═════ Provided records

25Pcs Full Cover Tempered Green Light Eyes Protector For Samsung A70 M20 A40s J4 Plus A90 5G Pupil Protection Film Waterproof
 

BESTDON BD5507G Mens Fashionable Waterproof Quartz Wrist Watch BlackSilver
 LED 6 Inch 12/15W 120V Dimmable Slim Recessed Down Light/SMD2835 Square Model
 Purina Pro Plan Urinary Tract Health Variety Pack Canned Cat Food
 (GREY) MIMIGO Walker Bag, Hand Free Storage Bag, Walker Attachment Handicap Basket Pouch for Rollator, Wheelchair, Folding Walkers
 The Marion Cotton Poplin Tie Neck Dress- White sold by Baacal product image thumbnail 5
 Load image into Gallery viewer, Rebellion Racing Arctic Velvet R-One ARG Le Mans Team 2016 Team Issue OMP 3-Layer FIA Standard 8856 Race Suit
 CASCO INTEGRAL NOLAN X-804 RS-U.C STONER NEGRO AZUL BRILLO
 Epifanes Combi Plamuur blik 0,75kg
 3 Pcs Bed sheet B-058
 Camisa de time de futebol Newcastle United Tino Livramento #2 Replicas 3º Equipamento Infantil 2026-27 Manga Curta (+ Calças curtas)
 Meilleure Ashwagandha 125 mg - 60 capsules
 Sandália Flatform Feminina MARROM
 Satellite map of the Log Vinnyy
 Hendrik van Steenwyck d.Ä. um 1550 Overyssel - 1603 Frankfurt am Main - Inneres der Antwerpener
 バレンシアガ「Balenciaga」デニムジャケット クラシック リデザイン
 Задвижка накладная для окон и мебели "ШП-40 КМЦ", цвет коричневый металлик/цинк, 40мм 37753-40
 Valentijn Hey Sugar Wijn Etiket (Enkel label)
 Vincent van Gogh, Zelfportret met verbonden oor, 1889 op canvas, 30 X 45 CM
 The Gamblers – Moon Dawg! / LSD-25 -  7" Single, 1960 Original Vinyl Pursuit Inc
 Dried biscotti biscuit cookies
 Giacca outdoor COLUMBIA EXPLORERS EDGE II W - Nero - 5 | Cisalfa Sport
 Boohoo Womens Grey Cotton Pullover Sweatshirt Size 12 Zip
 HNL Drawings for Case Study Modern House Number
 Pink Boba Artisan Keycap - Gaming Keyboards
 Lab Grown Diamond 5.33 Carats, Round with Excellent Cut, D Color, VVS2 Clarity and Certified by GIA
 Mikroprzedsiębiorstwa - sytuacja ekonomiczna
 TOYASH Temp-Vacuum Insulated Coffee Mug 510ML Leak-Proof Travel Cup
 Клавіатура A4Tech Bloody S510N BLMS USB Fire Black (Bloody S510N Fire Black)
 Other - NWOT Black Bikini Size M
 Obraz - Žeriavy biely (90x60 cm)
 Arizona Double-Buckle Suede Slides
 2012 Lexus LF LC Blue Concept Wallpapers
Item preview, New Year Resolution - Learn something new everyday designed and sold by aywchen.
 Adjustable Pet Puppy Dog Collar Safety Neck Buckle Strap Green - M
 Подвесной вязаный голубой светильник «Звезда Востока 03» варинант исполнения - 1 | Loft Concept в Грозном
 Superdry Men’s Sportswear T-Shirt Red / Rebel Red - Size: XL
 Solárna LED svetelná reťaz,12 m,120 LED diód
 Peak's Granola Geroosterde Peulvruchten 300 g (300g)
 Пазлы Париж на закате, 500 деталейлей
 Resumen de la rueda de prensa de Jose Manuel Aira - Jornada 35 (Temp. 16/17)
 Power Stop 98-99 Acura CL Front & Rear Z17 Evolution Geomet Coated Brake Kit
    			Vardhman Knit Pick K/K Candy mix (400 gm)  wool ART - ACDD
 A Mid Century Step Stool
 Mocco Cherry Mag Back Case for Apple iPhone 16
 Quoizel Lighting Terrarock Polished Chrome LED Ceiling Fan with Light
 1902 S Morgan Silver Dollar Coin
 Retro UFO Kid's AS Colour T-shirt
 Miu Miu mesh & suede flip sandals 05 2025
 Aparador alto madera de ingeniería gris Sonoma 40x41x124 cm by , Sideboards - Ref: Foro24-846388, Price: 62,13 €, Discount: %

══════════

A line qualifies when it holds the word "with"; report all qualifying lines from the records above.

 Lab Grown Diamond 5.33 Carats, Round with Excellent Cut, D Color, VVS2 Clarity and Certified by GIA
 Quoizel Lighting Terrarock Polished Chrome LED Ceiling Fan with Light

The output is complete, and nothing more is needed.